[Opening GIVEN INFORMATION section]

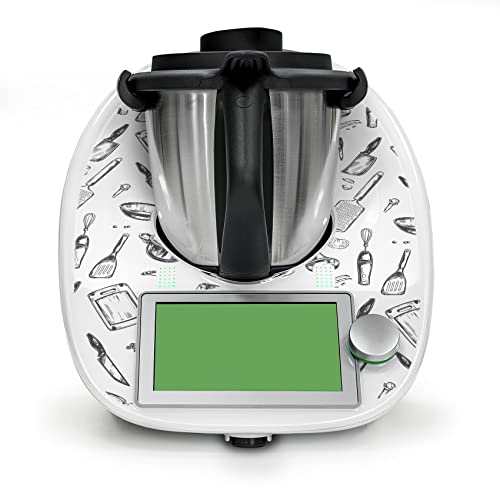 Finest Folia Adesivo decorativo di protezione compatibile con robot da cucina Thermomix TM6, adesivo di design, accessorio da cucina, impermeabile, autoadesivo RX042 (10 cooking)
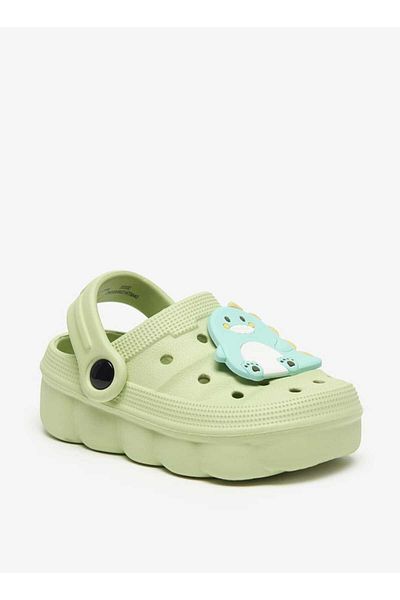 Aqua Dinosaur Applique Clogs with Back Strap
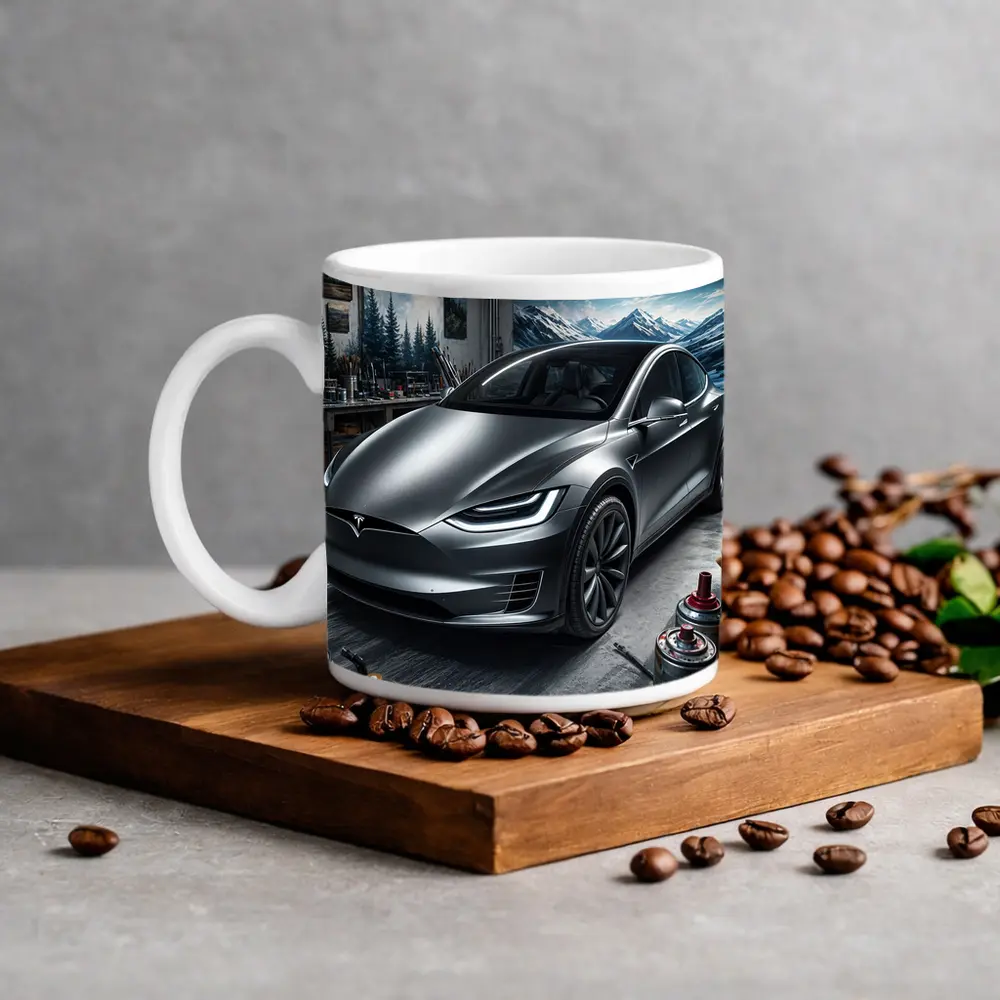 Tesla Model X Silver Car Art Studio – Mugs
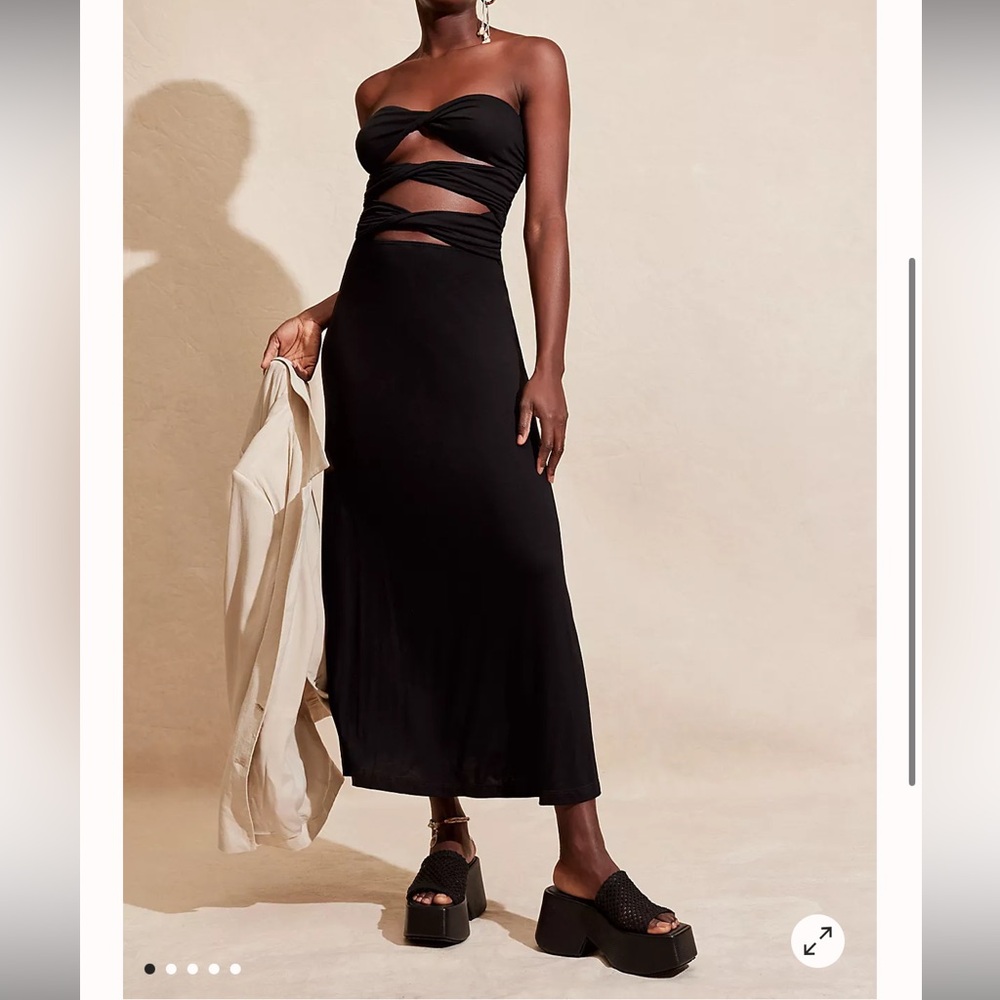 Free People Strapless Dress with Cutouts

[Closing GIVEN INFORMATION section]

TASK REQUIREMENTS
Print the lines from the line with "Tesla Model X Silver Car Art Studio – Mugs" to the end of the data above. Include both ends, exclude the pictures, and add nothing else.

REPLY
 Tesla Model X Silver Car Art Studio – Mugs
 Free People Strapless Dress with Cutouts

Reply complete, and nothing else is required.